With that out of the way, let’s kick off with WNEW, which was of course the home (at least in the New York area) of Creature Features, then running on Saturday nights from 8:30 to 10:00, and since my bedtime was 9:00 when I was a youngster, seeing it in its entirety was usually beyond my reach. If I was lucky, I was able to con Mom into giving me special permission to stay up for an extra half hour, and I might reasonably have been expected to become either an actor or a lawyer for all of the passion with which I argued in favor of that week’s giant monster, walking corpse, ghostly apparition, or whatever. I can’t tell you how many genre films I saw the first third or two-thirds of, some of which I probably never did see all the way through.

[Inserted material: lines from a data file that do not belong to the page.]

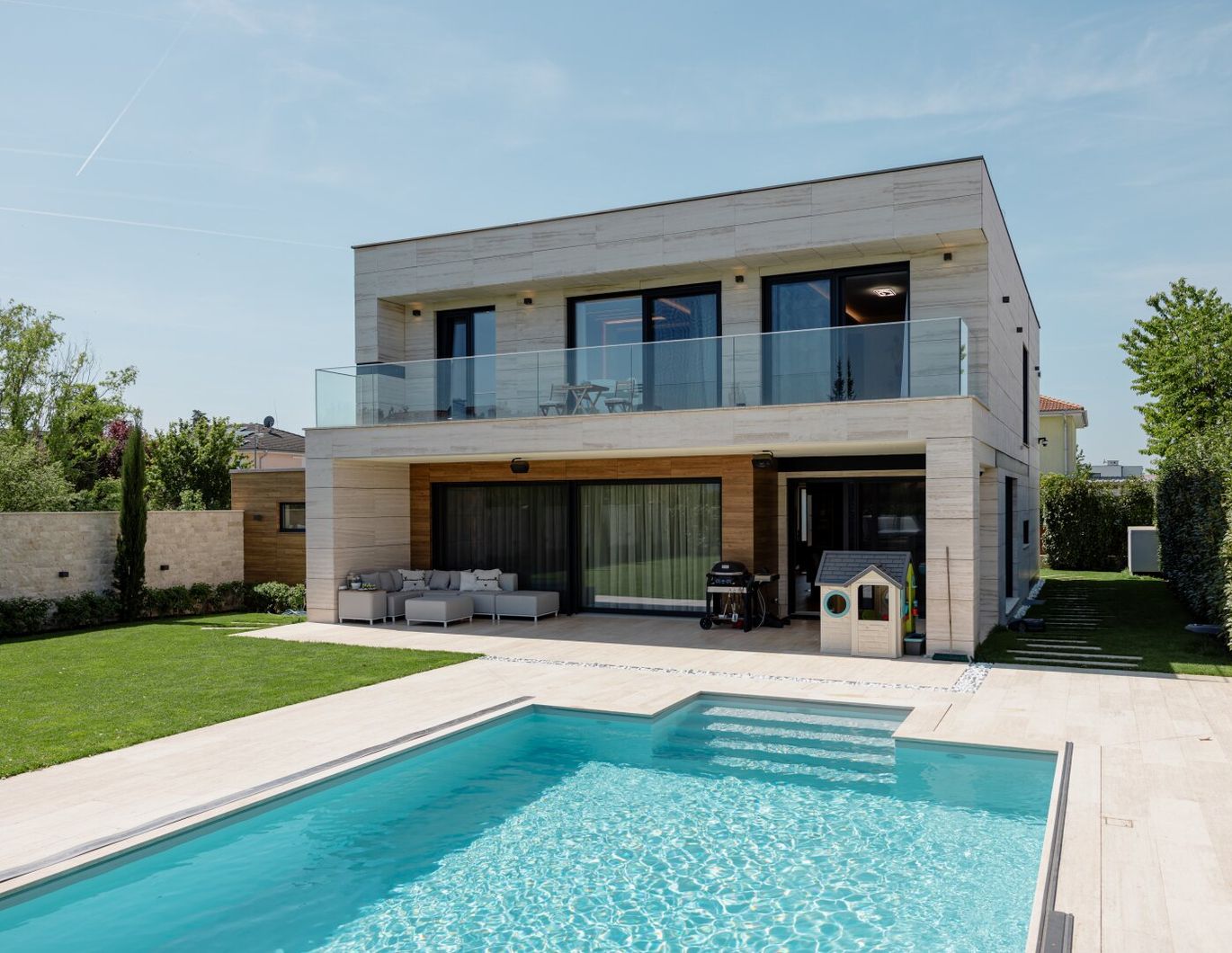 DER PURE LUXUS | DESIGNERVILLA MIT GARTEN & BEHEIZTEM POOL | VIDEO-PRÄSENTATION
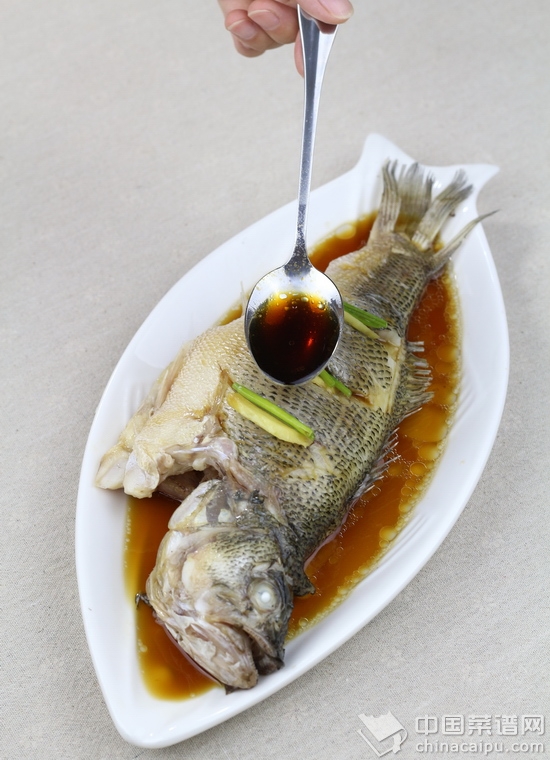 微波清蒸鱸魚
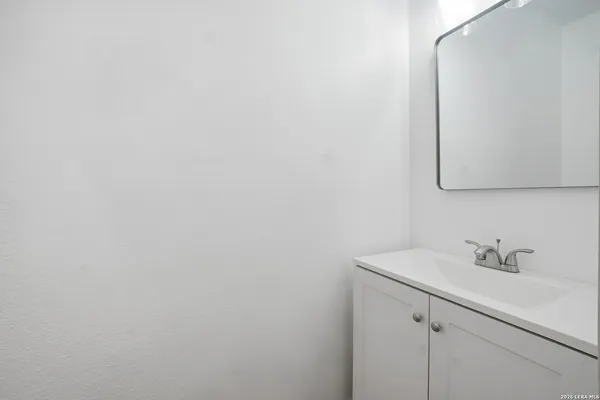 $345,000 | 1600 Osage Avenue, Schertz, TX 78154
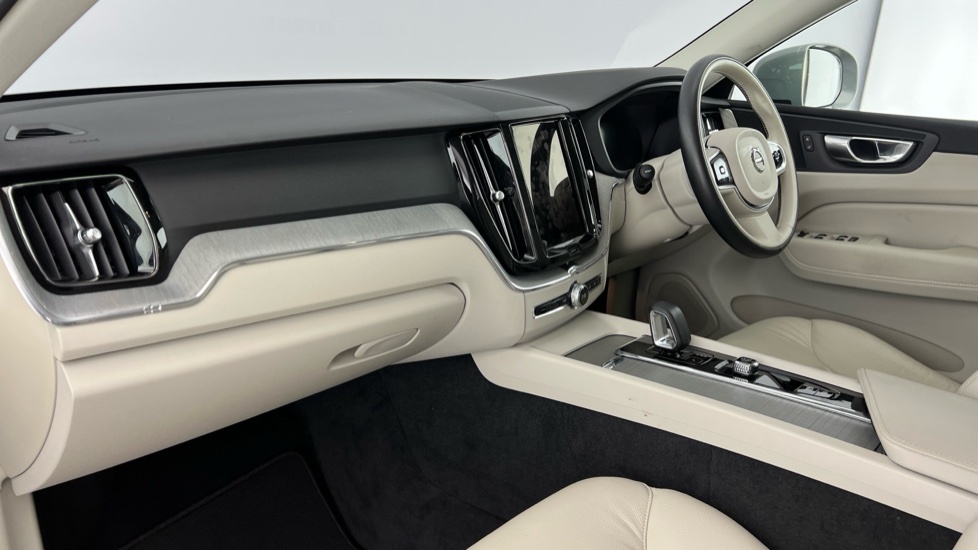 Volvo XC60 Core, B5 Awd Mild Hybrid, YW23ETE Grey #6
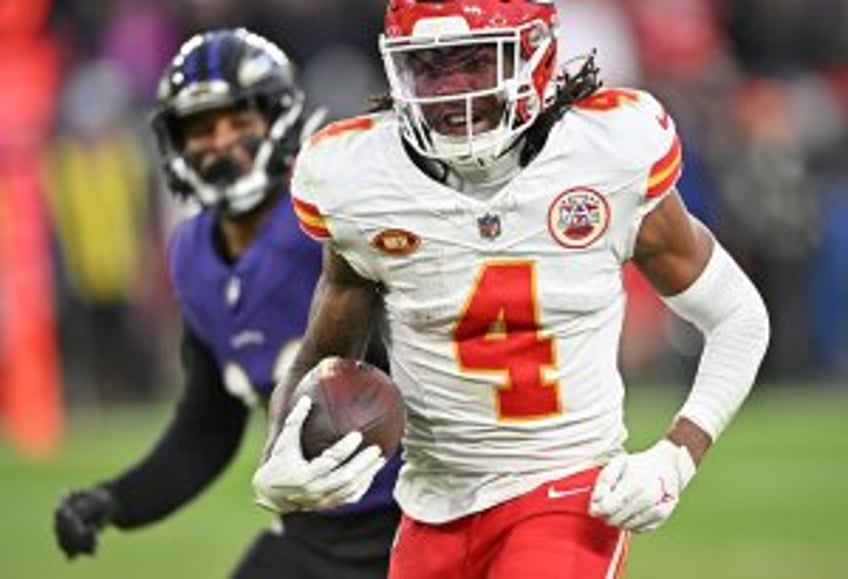 Arrest warrant issued for Chiefs' Rashee Rice after Dallas crash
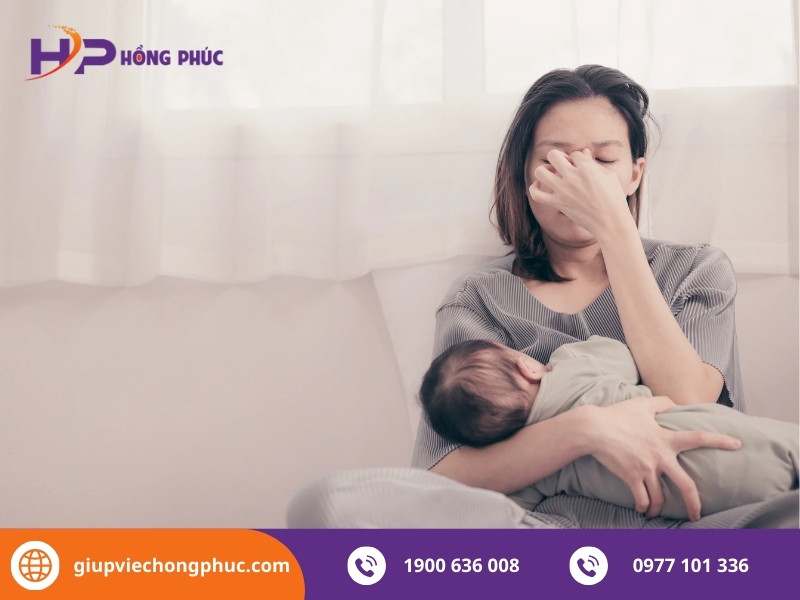 mẹ có thể bị trầm cảm sau sinh nếu lo quá nhiều việc nhà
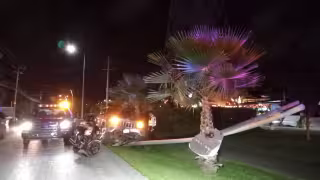 Mujer protagoniza aparatoso accidente vial en Cancún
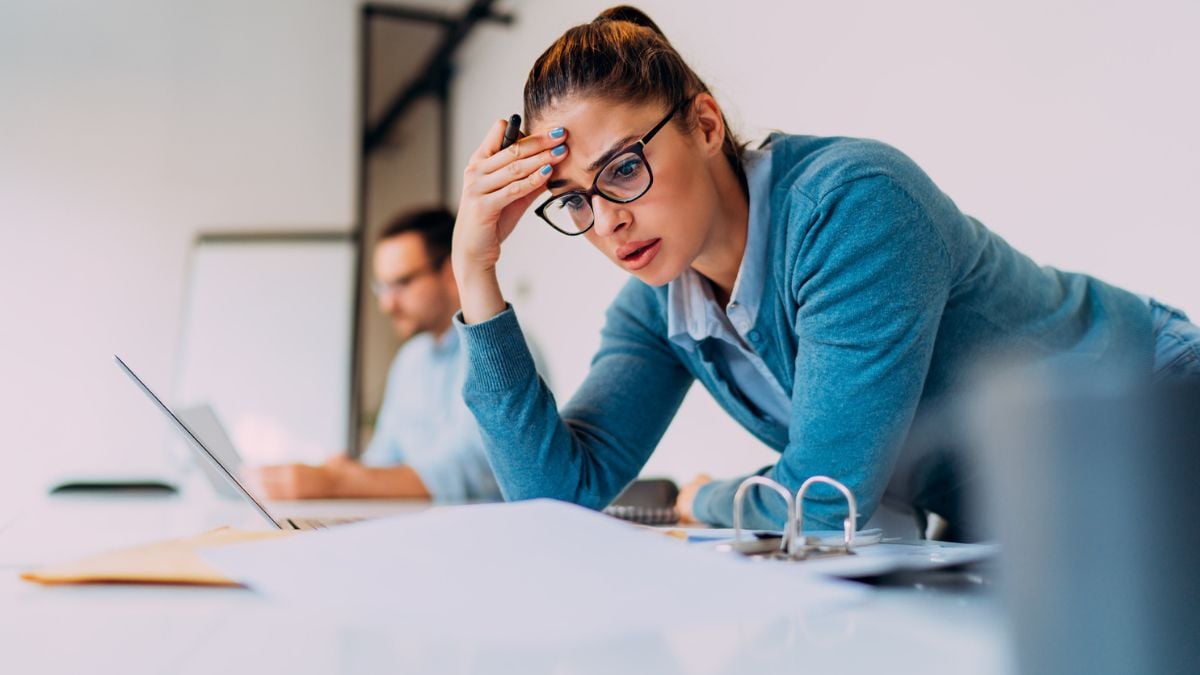 72 % des salariés sont adeptes, sans le savoir, du « job cuffing », une tendance qui n'est pas sans conséquences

I can’t swear to it, but I believe sometime WNEW offerings The Atomic Submarine, Curse of the Faceless Man, Death Curse of Tartu, House on Haunted Hill, Kronos, The Maze, and Them! were all shown on Creature Features, and since the show took its theme music from It Came from Outer Space, it seems safe to assume Jack Arnold’s classic was represented as well. Although generally light on genre films from outside the English-speaking world (e.g., Count Dracula’s Great Love, Godzilla on Monster Island, Terror Beneath the Sea), WNEW seemed to lean toward those from Italy. These included The Horrible Dr. Hichcock, Horror Castle, Nightmare Castle, Planet on the Prowl, Planets Against Us, The Psychic (which I don’t even remember seeing, but there’s my card to prove it), and Slaughter of the Vampires.
This is naturally unquantifiable, but WNEW somehow seemed the most benign of the three, and also was willing to reach across the Pond more often than most. They showed many efforts from England’s Hammer Films (The Devil’s Own, Kiss of Evil, The Lost Continent, The Mummy, To Love a Vampire, X the Unknown, and various Dracula and Frankenstein films) and Amicus Productions (The Deadly Bees plus several of their trademark anthology films). Producer Richard Gordon was especially well represented with Corridors of Blood, Curse of the Voodoo, Devil Doll, Fiend Without a Face, First Man into Space, The Haunted Strangler, Horror Hospital, The Projected Man, and the German import Cave of the Living Dead, which he “presented” in the U.S.